2. Agar (seorang hamba) meyakini keesaan-Nya (wahdaniyyah) agar dapat menjadi pemisah dengan madzhab orang-orang musyrik yang mengakui adanya Pencipta, akan tetapi mereka menyekutukan-Nya dalam peribadahan dengan selain-Nya.
3. Agar (seorang hamba) meyakini-Nya mempunyai sifat-sifat yang memang harus dimiliki oleh-Nya berupa ilmu, kekuasaan (qudrah), hikmah, dan seluruh yang telah Allah sifatkan bagi diri-Nya dalam Kitab-Nya (Al-Qur’an). Karena kita mengetahui bahwa kebanyakan orang yang mendekatkan diri dan mengesakan-Nya dengan perkataan yang mutlak, namun ternyata menyimpang dalam masalah sifat-sifat-Nya dimana penyimpangannya dalam masalah sifat-sifat Allah tersebut merusak ketauhidannya.

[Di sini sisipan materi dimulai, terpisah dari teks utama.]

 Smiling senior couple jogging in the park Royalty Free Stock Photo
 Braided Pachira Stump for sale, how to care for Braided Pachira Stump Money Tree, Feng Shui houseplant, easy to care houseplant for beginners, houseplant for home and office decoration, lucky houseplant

Selain itu kita juga mendapatkan bahwa Allah ta’ala telah berbicara kepada hamba-Nya dengan menyeru mereka untuk meyakini ketiga hal di atas dan sekaligus mengimaninya…..” [Al-Ibaanah ‘an Syarii’atil-Firqatin-Naajiyyah (Ar-Radd ‘alal-Jahmiyyah), 2/172-173, tahqiq : Dr. Yuusuf Al-Waabil; Daarur-Raayah, Cet. 1/1415 H].
Abul-Jauzaa’ berkata :
Meskipun Ibnu Baththah tidak mengatakannya secara eksplisit, namun sangat dapat dipahami bahwa keyakinan yang dituntut pada hal yang pertama adalah tauhid Rububiyyah, kedua adalah tauhid Uluhiyyah, dan ketiga adalah tauhid Al-Asmaa’ wash-Shifaat. Inilah pembagian tauhid menurut Ahlus-Sunnah wal-Jama’ah. Hal yang sama dikatakan oleh imam-imam yang lain, diantaranya :
Ath-Thahawiy rahimahullah (w. 321 H) berkata :
نقول في توحيد الله معتقدين بتوفيق الله :
1 - إن الله واحد لا شريك له ،
2 - و لا شيء مثله ،
3 - و لا شيء يعجزه ،
4 - و لا إله غيره
“Kami mengatakan tentang ketauhidan kepada Allah dengan meyakini – dengan taufiq dari Allah - :
1. Sesungguhnya Allah adalah satu tidak ada sekutu bagi-Nya[2],
2. Tidak ada sesuatu pun yang serupa dengan-Nya[3],
3. Tidak ada sesuatu pun yang dapat melemahkan-Nya[4],
4. Dan tidak ada tuhan yang berhak disembah kecuali Dia[5]…” [Al-‘Aqiidah Ath-Thahawiyyah, hal. 8; Daar Ibni Hazm, Cet. 1/1416 H].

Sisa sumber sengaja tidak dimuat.